YOUR OBJECTIVE
Each line of the data below from the one holding "Wholesale Leisure Bedroom" to the one holding "RETRO 1980s BAMBOO WICKER GARDEN DINING SUITE", inclusive, is to be reproduced exactly; no other line belongs in the answer.

RECORDED DATA
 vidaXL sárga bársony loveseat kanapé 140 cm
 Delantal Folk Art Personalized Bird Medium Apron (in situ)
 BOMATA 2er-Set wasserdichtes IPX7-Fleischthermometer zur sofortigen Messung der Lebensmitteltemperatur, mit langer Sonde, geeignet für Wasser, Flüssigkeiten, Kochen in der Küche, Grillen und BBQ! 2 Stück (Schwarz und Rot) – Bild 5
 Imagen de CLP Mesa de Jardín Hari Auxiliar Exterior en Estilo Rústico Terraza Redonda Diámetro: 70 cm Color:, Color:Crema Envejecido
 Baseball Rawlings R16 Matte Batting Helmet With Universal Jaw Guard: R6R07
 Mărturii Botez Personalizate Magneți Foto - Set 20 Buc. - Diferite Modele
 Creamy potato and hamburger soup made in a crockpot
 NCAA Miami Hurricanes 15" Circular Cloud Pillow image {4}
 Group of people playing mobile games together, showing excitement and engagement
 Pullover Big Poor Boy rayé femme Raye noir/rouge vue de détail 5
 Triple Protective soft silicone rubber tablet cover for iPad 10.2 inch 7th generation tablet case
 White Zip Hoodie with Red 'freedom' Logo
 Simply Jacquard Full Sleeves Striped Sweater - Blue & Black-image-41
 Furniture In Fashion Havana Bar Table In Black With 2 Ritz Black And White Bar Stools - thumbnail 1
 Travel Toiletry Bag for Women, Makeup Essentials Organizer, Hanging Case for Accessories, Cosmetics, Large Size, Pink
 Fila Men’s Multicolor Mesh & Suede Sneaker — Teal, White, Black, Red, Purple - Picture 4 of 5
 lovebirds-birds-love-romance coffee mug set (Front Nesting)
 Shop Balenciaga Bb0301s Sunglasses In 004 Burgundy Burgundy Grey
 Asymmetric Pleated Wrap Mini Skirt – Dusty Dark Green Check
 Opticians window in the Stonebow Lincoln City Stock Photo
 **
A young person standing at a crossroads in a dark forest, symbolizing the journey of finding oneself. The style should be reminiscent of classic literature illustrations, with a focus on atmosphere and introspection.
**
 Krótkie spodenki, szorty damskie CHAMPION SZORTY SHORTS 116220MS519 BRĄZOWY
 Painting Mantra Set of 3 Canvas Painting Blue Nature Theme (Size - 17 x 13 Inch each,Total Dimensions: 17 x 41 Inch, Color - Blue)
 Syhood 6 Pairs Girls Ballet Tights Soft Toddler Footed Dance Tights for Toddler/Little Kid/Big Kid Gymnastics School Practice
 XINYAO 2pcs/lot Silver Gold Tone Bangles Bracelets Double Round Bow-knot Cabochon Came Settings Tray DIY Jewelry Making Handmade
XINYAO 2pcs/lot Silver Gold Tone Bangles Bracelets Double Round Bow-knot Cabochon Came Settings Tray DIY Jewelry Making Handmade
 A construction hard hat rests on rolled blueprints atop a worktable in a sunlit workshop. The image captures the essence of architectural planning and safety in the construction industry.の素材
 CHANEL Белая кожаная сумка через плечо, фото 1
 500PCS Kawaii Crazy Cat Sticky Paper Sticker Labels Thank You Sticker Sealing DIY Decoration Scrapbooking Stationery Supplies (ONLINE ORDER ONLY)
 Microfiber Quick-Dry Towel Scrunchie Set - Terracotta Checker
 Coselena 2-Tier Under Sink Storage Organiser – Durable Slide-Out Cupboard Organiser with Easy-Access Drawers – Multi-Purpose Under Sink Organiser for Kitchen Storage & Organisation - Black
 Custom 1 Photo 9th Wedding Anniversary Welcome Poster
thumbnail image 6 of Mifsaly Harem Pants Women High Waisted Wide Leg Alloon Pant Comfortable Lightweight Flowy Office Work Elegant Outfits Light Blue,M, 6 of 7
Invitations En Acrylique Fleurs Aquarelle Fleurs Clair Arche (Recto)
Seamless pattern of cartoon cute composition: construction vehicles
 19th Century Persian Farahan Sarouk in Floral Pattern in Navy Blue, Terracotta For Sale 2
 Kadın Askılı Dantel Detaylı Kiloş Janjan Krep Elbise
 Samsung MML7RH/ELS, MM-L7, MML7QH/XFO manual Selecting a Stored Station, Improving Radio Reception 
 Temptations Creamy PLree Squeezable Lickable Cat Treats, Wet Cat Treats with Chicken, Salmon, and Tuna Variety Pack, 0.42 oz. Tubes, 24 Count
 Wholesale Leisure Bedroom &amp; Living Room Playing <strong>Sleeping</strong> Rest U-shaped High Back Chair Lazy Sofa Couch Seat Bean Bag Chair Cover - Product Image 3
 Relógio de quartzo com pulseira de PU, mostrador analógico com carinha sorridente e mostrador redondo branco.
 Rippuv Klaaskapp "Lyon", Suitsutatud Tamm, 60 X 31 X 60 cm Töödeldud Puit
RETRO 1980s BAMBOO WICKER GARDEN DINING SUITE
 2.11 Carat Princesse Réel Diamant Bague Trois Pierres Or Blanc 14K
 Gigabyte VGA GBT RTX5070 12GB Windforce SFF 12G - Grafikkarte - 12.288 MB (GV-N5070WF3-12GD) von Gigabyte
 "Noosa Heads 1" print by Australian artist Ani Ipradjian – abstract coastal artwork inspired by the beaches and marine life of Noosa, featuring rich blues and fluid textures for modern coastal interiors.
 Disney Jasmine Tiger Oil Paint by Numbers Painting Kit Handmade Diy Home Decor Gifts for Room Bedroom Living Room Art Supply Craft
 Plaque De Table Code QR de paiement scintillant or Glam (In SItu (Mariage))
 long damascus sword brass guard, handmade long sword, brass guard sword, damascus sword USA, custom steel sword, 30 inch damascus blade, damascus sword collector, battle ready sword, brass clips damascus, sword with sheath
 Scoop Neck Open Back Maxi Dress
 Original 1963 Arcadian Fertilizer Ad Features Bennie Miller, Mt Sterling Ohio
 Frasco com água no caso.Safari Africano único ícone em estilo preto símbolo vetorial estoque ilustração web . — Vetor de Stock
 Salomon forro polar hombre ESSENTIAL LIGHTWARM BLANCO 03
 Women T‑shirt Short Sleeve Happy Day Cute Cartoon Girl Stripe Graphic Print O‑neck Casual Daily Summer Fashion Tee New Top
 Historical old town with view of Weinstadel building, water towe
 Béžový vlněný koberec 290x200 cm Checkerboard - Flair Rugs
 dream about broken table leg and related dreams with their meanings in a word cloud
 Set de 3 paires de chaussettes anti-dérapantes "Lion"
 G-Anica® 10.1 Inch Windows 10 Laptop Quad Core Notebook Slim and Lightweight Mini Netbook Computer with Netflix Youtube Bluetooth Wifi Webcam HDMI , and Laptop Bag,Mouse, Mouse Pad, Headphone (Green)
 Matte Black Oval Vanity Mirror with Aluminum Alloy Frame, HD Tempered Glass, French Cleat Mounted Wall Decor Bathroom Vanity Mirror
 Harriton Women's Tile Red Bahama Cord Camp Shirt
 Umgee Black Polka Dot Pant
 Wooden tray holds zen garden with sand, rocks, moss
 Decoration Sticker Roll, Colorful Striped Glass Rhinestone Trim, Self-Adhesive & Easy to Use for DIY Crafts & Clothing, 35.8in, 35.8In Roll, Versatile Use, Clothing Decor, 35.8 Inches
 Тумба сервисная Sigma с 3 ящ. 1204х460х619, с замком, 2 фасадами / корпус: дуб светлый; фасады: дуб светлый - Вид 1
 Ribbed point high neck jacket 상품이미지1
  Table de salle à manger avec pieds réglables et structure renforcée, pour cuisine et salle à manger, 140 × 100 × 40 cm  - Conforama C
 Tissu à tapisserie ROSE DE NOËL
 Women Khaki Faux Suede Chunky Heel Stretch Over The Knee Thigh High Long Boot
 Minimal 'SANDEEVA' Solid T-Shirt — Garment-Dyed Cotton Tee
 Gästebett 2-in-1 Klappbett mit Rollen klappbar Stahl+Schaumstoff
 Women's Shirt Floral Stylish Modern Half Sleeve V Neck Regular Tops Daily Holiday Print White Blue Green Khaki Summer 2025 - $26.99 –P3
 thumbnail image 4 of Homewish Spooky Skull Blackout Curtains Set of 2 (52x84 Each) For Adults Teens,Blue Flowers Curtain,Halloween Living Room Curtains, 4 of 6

OUTPUT OF THE EXERCISE
 Wholesale Leisure Bedroom &amp; Living Room Playing <strong>Sleeping</strong> Rest U-shaped High Back Chair Lazy Sofa Couch Seat Bean Bag Chair Cover - Product Image 3
 Relógio de quartzo com pulseira de PU, mostrador analógico com carinha sorridente e mostrador redondo branco.
 Rippuv Klaaskapp "Lyon", Suitsutatud Tamm, 60 X 31 X 60 cm Töödeldud Puit
RETRO 1980s BAMBOO WICKER GARDEN DINING SUITE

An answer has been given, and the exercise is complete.